Proprio questa vicenda, commovente e quasi dimenticata, è il fil rouge della 17ª edizione del Concerto della Memoria e del Dialogo che gli Amici della Musica proporranno lunedì, il 27 gennaio alle 20.30, al teatro Comunale Pavarotti Freni (con ingresso a 10 euro, ridotto 5). ’La corda rotta’ sarà una tessitura di musica e parole, con la narrazione del drammaturgo e musicologo Guido Barbieri, il soprano Valentina Coladonato e il pianista Paolo Marzocchi: verranno eseguite sette pagine vocali e strumentali nate nel ghetto di Terezin da musicisti che vi erano internati, come Ilse Weber, Viktor Ullmann e Gideon Klein, in un ideale dialogo con una nuova composizione di Paolo Marzocchi, che da quelle musiche prende spunto.
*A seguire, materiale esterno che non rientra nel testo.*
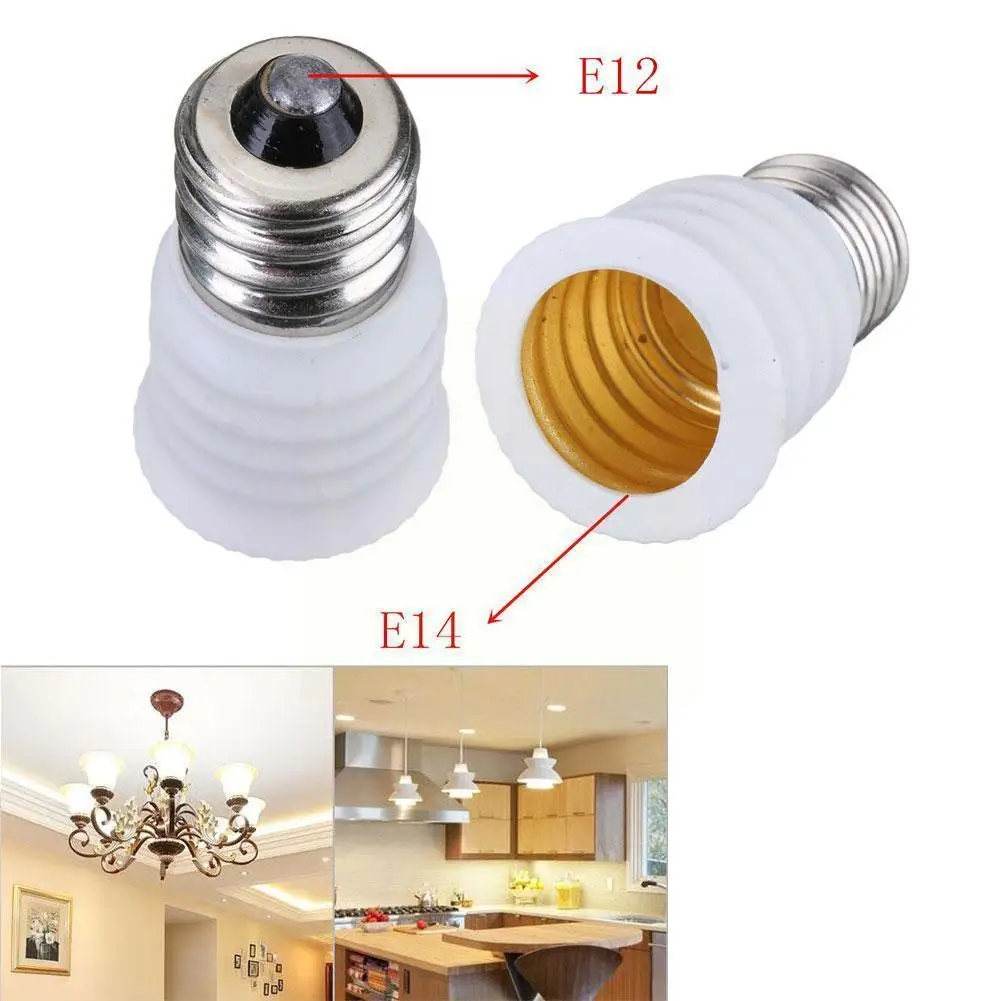

E12 To E14 Bulb Lamp Holder Adapter Socket Converter Light Base Candelabra Lamp Holder Converter Accessories For E14 Light H8S5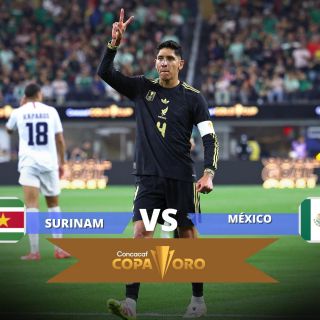 ¿Dónde ver EN VIVO el partido Surinam vs México de Copa Oro?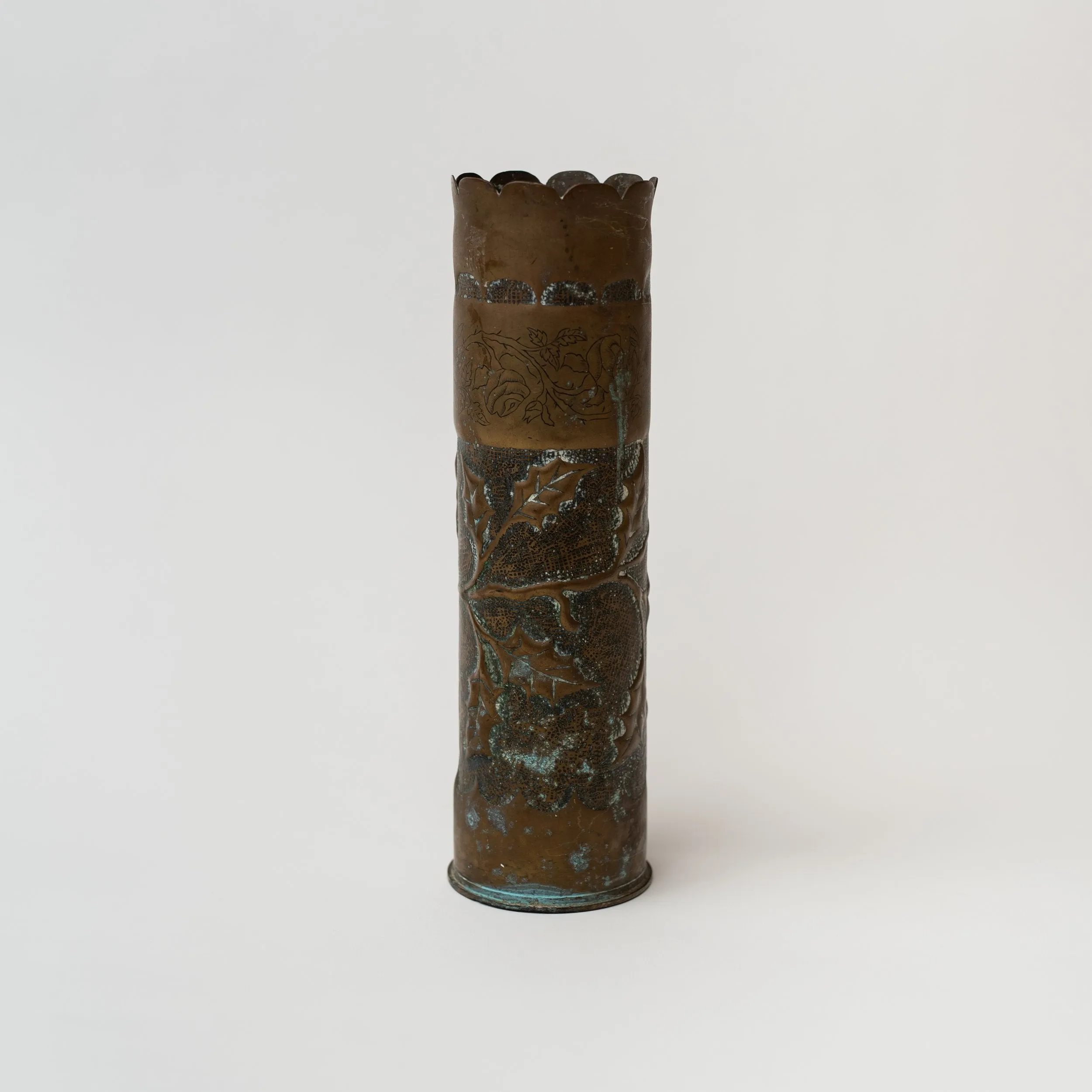 Reclaimed Trench Art Vase - Large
’Dialogo’ è appunto la parola chiave di questo concerto "che di anno in anno ha affrontato non solo la memoria della shoah, ma anche tante altre memorie e situazioni critiche della storia dell’umanità", sottolinea il maestro Aldo Sisillo, direttore del teatro Comunale. Memoria viva, che attraverso la musica vuole seminare nuove occasioni di conoscenza e di confronto, come rimarcano Matteo Tiezzi, presidente della Fondazione di Modena, e Andrea Bortolamasi, assessore comunale alla cultura. "L’obiettivo del nostro concerto è anche ‘politico’, con la volontà di creare connessioni e consapevolezza anche sulla situazione attuale", aggiunge Andras Gemes, presidente degli Amici della Musica.
Fra il 1941 e il ‘44 Terezin fu come un ghetto ‘modello’: a tutti gli effetti era un lager, un centro di smistamento e di transito verso Auschwitz, ma i nazisti la resero una fabbrica d’arte che lavorava giorno e notte, dove si tenevano concerti, opere liriche, spettacoli teatrali e di cabaret. Vi furono internati alcuni degli principali artisti europei, che nella disperazione dei tempi si aggrapparono alla musica, alla parola, alla pittura in una necessità di sopravvivenza creativa. Tutto questo finiì il 17 ottobre 1944, quando i 1390 artisti di Terezin vennero condotti alla camera a gas a Birkenau. E quella corda si spezzò completamente.